-- Records for the task --
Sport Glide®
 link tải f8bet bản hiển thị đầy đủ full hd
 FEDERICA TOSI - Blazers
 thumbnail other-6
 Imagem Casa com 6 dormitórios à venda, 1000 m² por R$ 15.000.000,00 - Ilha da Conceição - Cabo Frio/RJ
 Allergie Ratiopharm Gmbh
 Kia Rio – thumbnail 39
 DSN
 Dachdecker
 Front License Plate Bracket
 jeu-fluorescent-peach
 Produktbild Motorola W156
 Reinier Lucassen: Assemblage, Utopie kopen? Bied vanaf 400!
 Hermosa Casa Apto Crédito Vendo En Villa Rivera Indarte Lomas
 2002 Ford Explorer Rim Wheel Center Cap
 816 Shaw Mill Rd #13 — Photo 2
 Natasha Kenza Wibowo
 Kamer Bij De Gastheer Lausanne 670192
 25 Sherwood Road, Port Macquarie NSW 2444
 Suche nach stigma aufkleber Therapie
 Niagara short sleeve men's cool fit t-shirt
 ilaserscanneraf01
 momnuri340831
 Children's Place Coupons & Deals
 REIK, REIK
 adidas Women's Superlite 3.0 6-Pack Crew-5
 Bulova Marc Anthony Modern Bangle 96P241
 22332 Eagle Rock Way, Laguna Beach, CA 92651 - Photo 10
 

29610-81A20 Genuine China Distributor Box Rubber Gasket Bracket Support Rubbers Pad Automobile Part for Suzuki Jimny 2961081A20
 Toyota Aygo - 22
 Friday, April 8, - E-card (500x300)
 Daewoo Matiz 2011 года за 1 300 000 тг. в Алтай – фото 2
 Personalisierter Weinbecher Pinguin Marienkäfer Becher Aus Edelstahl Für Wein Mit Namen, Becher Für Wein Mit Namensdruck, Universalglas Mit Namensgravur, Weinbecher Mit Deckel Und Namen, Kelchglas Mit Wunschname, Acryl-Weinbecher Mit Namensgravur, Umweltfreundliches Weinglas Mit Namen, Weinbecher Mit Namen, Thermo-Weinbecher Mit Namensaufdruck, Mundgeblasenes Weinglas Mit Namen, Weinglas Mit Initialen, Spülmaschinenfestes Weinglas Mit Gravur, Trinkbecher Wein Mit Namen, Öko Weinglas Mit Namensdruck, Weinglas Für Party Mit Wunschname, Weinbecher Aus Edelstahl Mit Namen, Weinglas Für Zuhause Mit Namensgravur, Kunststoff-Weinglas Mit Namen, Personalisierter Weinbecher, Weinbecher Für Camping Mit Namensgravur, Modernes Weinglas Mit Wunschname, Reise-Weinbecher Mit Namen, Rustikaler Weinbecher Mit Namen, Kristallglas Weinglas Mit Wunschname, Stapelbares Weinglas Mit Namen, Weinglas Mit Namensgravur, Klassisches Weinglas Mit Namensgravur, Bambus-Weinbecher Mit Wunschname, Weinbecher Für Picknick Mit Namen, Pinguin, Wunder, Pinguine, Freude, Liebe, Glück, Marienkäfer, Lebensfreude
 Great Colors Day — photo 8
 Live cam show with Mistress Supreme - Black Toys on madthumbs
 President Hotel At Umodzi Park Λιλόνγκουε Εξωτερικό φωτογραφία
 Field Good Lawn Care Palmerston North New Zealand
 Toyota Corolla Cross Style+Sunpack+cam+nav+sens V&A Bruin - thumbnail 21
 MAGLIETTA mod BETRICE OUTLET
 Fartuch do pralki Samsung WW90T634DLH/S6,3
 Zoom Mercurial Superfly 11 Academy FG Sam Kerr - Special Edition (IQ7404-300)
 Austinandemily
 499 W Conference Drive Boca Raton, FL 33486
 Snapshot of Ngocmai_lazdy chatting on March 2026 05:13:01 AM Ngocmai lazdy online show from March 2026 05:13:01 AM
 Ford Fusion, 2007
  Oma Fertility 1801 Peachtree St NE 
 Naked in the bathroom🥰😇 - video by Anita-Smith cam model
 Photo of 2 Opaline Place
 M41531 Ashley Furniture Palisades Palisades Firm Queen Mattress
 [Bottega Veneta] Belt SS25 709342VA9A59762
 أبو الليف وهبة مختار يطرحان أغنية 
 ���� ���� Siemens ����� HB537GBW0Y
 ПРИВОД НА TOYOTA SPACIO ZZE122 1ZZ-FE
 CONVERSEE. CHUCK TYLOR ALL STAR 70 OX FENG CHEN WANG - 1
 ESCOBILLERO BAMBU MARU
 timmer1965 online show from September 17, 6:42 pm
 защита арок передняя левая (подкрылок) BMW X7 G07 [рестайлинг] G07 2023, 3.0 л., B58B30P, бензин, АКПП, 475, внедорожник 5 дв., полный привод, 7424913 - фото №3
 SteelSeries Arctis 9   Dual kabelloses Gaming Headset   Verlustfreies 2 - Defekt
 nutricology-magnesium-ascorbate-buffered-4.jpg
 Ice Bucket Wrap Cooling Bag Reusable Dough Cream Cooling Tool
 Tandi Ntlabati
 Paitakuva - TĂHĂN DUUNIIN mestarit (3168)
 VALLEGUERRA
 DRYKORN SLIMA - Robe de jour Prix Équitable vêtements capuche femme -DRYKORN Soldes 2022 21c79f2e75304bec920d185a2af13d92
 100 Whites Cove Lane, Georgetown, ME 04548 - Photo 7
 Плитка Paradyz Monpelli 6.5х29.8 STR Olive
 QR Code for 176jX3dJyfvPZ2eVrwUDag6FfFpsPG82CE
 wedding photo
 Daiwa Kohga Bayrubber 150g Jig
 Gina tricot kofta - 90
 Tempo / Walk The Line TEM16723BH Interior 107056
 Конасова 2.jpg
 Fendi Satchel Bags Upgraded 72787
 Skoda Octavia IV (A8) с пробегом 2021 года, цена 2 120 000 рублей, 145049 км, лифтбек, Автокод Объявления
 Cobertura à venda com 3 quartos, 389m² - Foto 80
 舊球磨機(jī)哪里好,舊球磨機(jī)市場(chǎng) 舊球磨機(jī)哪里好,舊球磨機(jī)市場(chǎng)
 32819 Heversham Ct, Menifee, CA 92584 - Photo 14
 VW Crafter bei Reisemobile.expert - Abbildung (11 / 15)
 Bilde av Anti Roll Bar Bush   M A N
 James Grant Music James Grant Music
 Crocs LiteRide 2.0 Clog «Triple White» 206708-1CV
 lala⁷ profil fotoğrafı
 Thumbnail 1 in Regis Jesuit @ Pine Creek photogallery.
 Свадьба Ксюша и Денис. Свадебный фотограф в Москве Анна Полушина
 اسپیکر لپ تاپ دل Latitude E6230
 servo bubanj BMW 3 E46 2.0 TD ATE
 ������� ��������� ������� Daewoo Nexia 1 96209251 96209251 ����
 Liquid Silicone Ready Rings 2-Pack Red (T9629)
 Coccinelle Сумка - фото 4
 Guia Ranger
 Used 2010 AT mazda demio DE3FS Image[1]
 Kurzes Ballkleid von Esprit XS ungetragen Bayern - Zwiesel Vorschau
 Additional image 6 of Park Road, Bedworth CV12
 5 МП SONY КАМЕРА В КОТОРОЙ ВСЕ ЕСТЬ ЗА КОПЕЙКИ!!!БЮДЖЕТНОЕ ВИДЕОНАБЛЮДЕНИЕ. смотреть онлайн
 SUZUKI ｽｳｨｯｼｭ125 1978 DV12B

-- Work order --
In the listing above, show every line with the word "from".

-- Completed task --
 Snapshot of Ngocmai_lazdy chatting on March 2026 05:13:01 AM Ngocmai lazdy online show from March 2026 05:13:01 AM
 timmer1965 online show from September 17, 6:42 pm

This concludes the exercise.